De rechten van de gehuwde vrouw zijn tijdens de 19e eeuw ingrijpend verandert.
In de Victoriaanse tijd was de echtgenote, voor de wet, een bezit van haar man. Hij kon naar believen doen met haar wat hem goed achtte. De echtgenoot nam alle besluiten en zijn wil was de wet in het huis. Het stond de man vrij om zijn vrouw te verplichten om een kuisheidsgordel te dragen of om haar te straffen. Het straffen kon een flinke aframmeling zijn, maar ook door bijvoorbeeld de vrouw de mond te snoeren.

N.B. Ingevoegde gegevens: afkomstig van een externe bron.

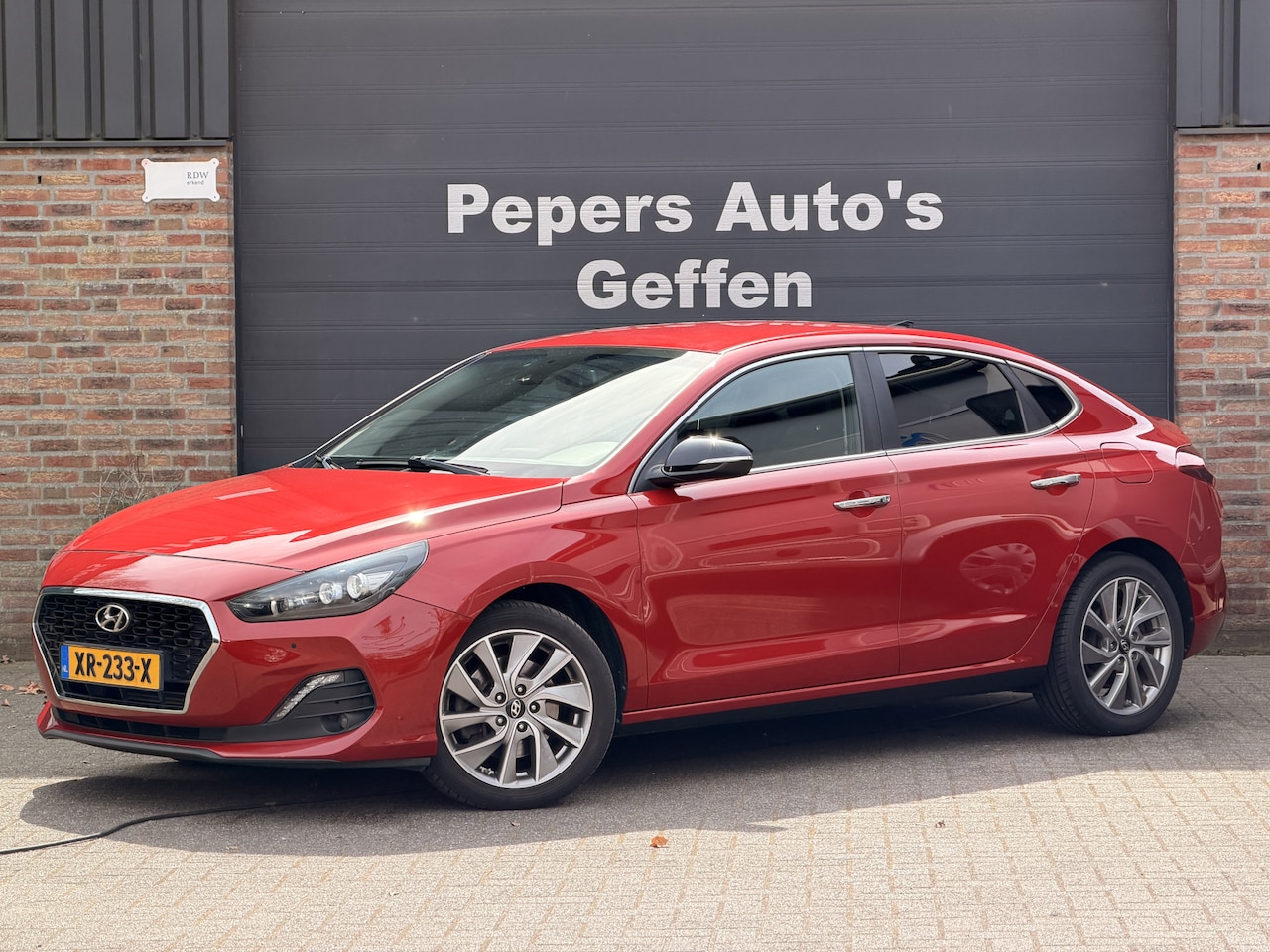 Hyundai i30 Fastback - 1.4 T-GDI Premium 141PK Navi Cruise Carplay PDC Camera - AutoWereld.nl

In Engeland werden diverse wetten aangenomen, die tot doel hadden om de positie van de vrouw te verbeteren. Zo ook de Matrimonial Causes Act uit 1857. Hierin werd geregeld dat de echtgenoot van zijn eega mocht scheiden als zij was vreemd gegaan. Hij kreeg dan de voogdij over de kinderen en liet haar berooid achter. De echtgenote kon niet van haar man scheiden als zij hem in het bed van een andere had betrapt. Echter kon ze hem wel verlaten als was aangetoond dat de echtgenoot haar regelmatig sloeg. Alleen bleef het huwelijk dan wel in tact.

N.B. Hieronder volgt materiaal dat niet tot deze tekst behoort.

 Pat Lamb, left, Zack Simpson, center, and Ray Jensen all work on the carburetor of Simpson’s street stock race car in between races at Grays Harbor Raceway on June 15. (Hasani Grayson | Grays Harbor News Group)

In de tachtiger jaren kwam er een nieuwe wet: Married Women's Property Act (1882). De vrouw bleef het kapitaal, wat zij mee in het huwelijk had gebracht, behouden als de man van haar wilde scheiden. Een tweede bijzondere wetsaanpassing was dat de echtgenoot zijn vrouw alleen nog maar mocht slaan met een stok ter dikte van zijn duim.
En hier bij ons veranderde er niet veel: de echtgenoot mocht zijn vrouw slaan en straffen naar believen. Scheiden was eveneens voor een vrouw zo goed als onmogelijk. Oeps, tot zover de romantiek van het huwelijk!